Sadness is nothing to be trifled with. It offers no comic relief, no consolation, for humor does not grow where the seeds of sorrow are planted. Nor does sadness diminish when called out, as though grief is a sin that must be exposed under the sun, with the anticipation that it will, with little effort, disappear. No, it is not what happens to sadness, but it is what happens to people who, with no one left to turn to, are left with no choice but to vanish.
*** *** ***
I sprawl myself on the bed, trying to think about nothing, the faint afternoon sunlight barging against the rain before sweeping into the room as if begging my body to whisk itself up and break the monotony of the day. I pause and stare at the cats, a few huddled in a corner of the room, others on the floor, most of them sleeping gently with their furry bodies brushing against my chest. Wherever their dreams have taken flight, I may never find out. But out of all the things that I know to be true, do they ever dream about me too?
Like her. I think about her all the time, wondering about the many things I wish I could know, but could only siphon out whatever it is that I am allowed to discover. Her sleep is a guarded sanctuary, a fortress that walls itself from the rest of the wakeful world, and in that temporary peace where her eyes close themselves so that nothing can get in the way of a rest too short to be wasted, her world must be completely different, one where the invitation to enter comes only once.
Does she ever dream about me too? Because I do. Not that she should. It’s a question fished out of curiosity, and each time I cast the net far and wide, all in the hopes that I might find the answer, for it is in dreams where repressed desires take shape. Or at least that’s what Freud says in his psychoanalysis as far back as the 1890s, and it is probably not entirely wrong.
*** *** ***
Some people will start to shy away from seeking clarity, from asking questions, for constant fear of having the tables turned against them, their backs firm against the wall, of being questioned why they even ask, of being chastised, of bearing the brunt of unnecessary actions done unto them as if the raging fire is worth the burn, of being handed guilt to their conscience instead of being given tender reassurance, of being met with loaded silence as if everything has been said in the nothingness that soon follows, as though the blind is to assume what one cannot read, eclipsing the light in pursuit of darkness, or of placing conclusions well before the end of the sentence, the narrative turning accusatory, if not derogatory in the blink of an eye, when all they ever wanted was to know, because often it takes a lifetime to learn someone. A simple yes, or a simple no, would have sufficed for the time being.
But some things are belabored, stretched as far as the imagination will allow, fault being found where there is none. The gravity of this can hardly be scaled, and it takes unbridled patience to bear the weight it heaps on the heart, one that can never be demanded, only freely given, as it is the nature of true forbearance. These people, they carry their crosses no one will ever see, for they live through it as penance for the anxieties that they have been nursing long before. Their sense of insufficiency sustains that which slowly kills them.

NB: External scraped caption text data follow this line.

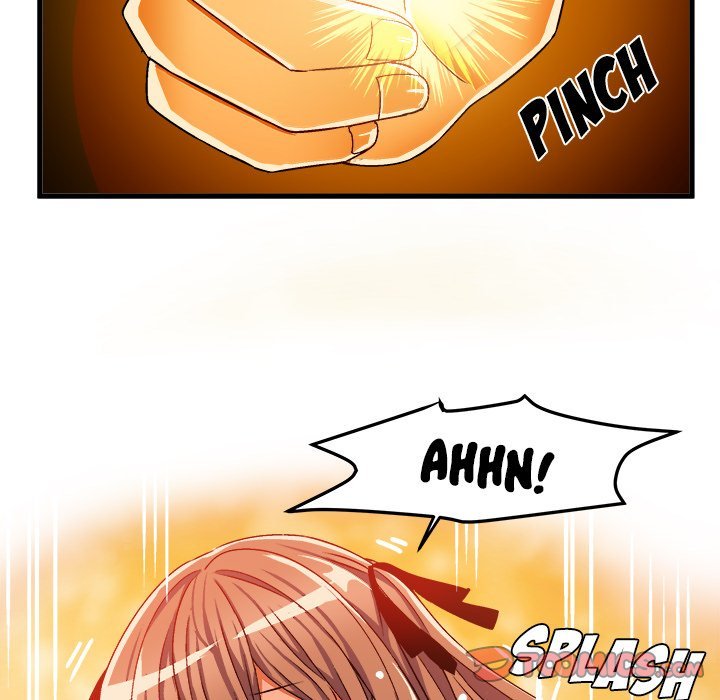 The Perfect Duo Manhwa - Chapter 35 Page 63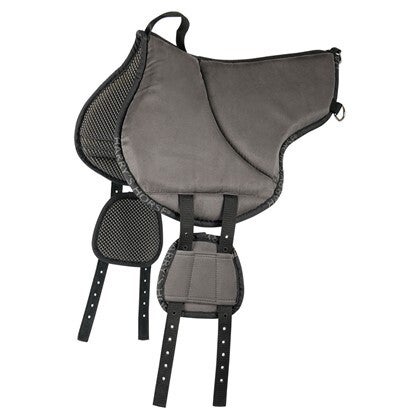Bareback Pad
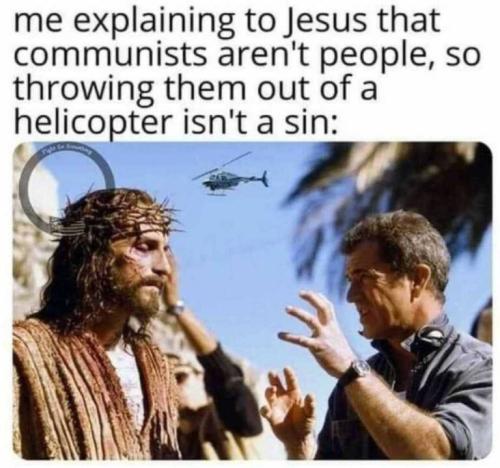 a72f5012122cd37472215dbc8f9323ca_500x0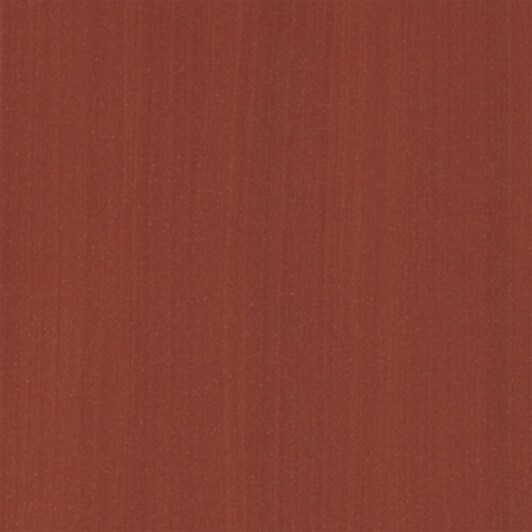 DI-NOC Pattern - WG-410, flat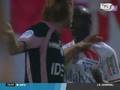 videos de Toulouse FC - Nancy 0-0: TFC 13e
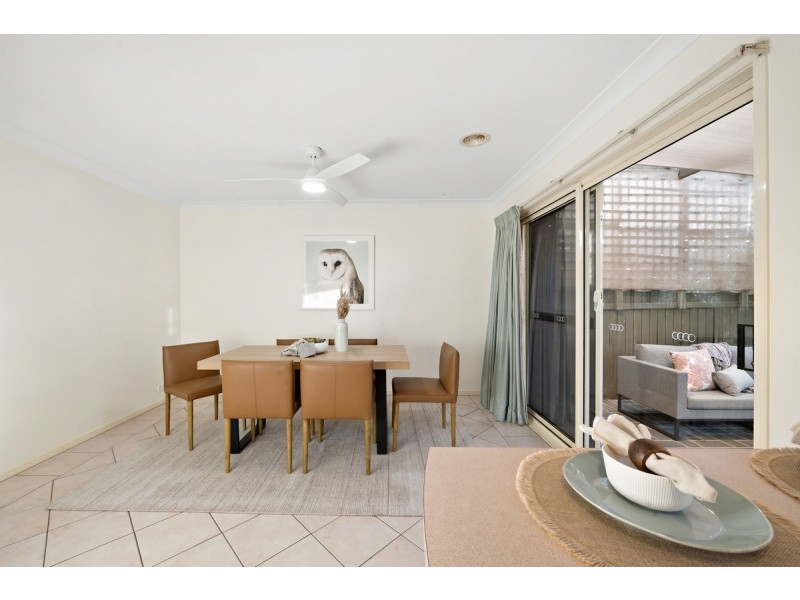 5/8 Biddell Place, Nicholls ACT 2913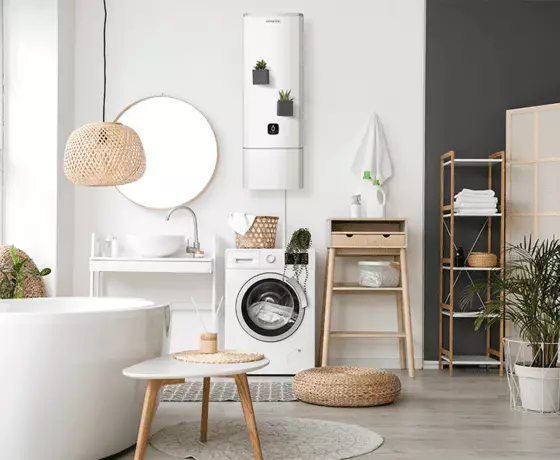 Comment choisir son chauffe-eau ?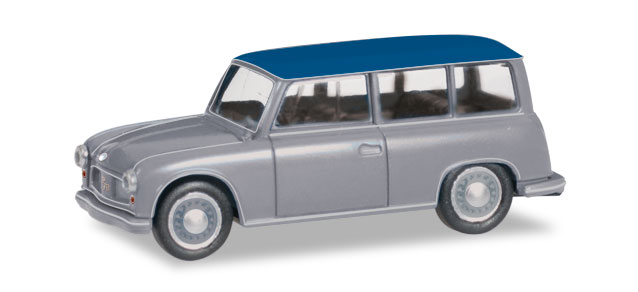 Herpa 0 ===> Herpa Modelle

And then the days go by, months soon after. To stir nothing, complacency settles in. No questions are ever asked. No responses are taken because none is given. The tides turn countless, and the seasons shift, until the time comes when, on the brink of despair and the ultimatum of where things stand, the people who have muffled their questions out of fear will find themselves on the verge of losing the one they love, wondering what happened, only to be met with the one act that they earnestly, ever so dearly, treated with much precariousness, knowing that it destroys as much as it saves:
If only they asked.
***
The most salient battles in life are won neither by fist nor by fire. This wisdom comes with age, like a blade that sharpens the more it brushes itself against steel. We are born as creatures of emotions, and it is in the stillness of things, like an ocean in the full absence of the waves, where the struggle glares with impunity, even feeds on it. That is why the heart is a war ground; it screams the loudest when it is muffled. It injures the most when it does nothing. But up to what point the heart wages this silence is a question most often left unanswered in the interim, for it is nothing less than a protracted war that demands the kind of madness that flirts with danger, and by the time the heart does speak, the walls are yet to grow ears.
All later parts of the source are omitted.